◆ **WHAT THIS TASK INVOLVES**
Each entry below is to be extracted exactly.

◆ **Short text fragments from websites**
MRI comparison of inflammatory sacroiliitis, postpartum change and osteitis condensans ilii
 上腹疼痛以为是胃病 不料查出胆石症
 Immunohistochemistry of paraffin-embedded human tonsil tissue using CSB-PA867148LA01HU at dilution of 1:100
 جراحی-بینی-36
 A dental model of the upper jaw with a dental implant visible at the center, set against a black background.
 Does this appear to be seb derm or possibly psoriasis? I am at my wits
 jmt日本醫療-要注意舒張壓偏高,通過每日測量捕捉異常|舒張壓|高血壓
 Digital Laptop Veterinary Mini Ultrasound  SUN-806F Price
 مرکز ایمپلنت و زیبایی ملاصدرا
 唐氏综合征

◆ **COMPLETED EXERCISE**
MRI comparison of inflammatory sacroiliitis, postpartum change and osteitis condensans ilii
 上腹疼痛以为是胃病 不料查出胆石症
 Immunohistochemistry of paraffin-embedded human tonsil tissue using CSB-PA867148LA01HU at dilution of 1:100
 جراحی-بینی-36
 A dental model of the upper jaw with a dental implant visible at the center, set against a black background.
 Does this appear to be seb derm or possibly psoriasis? I am at my wits
 jmt日本醫療-要注意舒張壓偏高,通過每日測量捕捉異常|舒張壓|高血壓
 Digital Laptop Veterinary Mini Ultrasound  SUN-806F Price
 مرکز ایمپلنت و زیبایی ملاصدرا
 唐氏综合征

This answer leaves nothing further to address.